Wali Kota Ambon Diduga Terima Suap Rp 500 Juta untuk Izin Pembangunan 20 Gerai Ritel
Wali Kota Ambon Richard Louhenapessy diduga menerima imbalan sebesar Rp 500 juta untuk penerbitan izin prinsip pembangunan 20 gerai ritel. Imbalan itu diberikan oleh Amri, seorang karyawan usaha ritel.
Oleh
MADINA NUSRAT
·3 menit baca
JAKARTA, KOMPAS — Komisi Pemberantasan Korupsi menetapkan Wali Kota Ambon Richard Louhenapessy dan orang kepercayaannya, anggota staf Tata Usaha Pimpinan Pemerintah Kota Ambon Andrew Erin Hehanussa, sebagai tersangka penerimaan imbalan untuk izin prinsip pembangunan geral ritel di Kota Ambon, Maluku, pada 2020. Untuk penerbitan izin itu, Richard diduga menerima suap tak kurang dari Rp 500 juta dari karyawan usaha ritel, Amri, untuk pembangunan 20 gerai ritel di Kota Ambon.

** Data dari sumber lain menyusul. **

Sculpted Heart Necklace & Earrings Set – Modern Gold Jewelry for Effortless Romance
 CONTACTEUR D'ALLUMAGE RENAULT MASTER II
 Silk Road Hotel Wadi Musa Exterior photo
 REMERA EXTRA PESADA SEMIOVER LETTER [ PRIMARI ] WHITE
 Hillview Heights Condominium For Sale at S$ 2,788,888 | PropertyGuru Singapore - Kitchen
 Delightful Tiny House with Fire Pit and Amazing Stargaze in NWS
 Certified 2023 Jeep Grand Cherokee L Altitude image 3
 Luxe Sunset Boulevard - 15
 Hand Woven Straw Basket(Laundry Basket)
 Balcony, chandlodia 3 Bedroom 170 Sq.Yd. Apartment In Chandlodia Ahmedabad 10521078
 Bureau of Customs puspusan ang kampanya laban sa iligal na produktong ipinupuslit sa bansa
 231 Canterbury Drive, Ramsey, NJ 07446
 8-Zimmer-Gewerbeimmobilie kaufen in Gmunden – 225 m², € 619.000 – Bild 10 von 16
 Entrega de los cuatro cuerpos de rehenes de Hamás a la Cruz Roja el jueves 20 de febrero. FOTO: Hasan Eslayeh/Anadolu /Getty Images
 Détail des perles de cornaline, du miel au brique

Baik Richard maupun Andrew dijemput secara paksa oleh penyidik KPK, di Jakarta, Jumat (13/5/2022). Adapun Amri masih buron. Sama halnya dengan Richard dan Andrew, Amri juga ditetapkan sebagai tersangka.
Ketua KPK Firli Bahuri, Jumat malam, menyampaikan, KPK menaruh keprihatinan terhadap perilaku kepala daerah dan penyelenggara negara yang kerap terjerat kasus suap. Ia mengungkapkan, dari 30 jenis dan rupa tindak pidana korupsi, yang paling menonjol dan kerap ditangani KPK ialah tindak pidana penyuapan. Jumlahnya mencapai 791 perkara atau 64 persen dari 1.231 perkara yang ditangani KPK.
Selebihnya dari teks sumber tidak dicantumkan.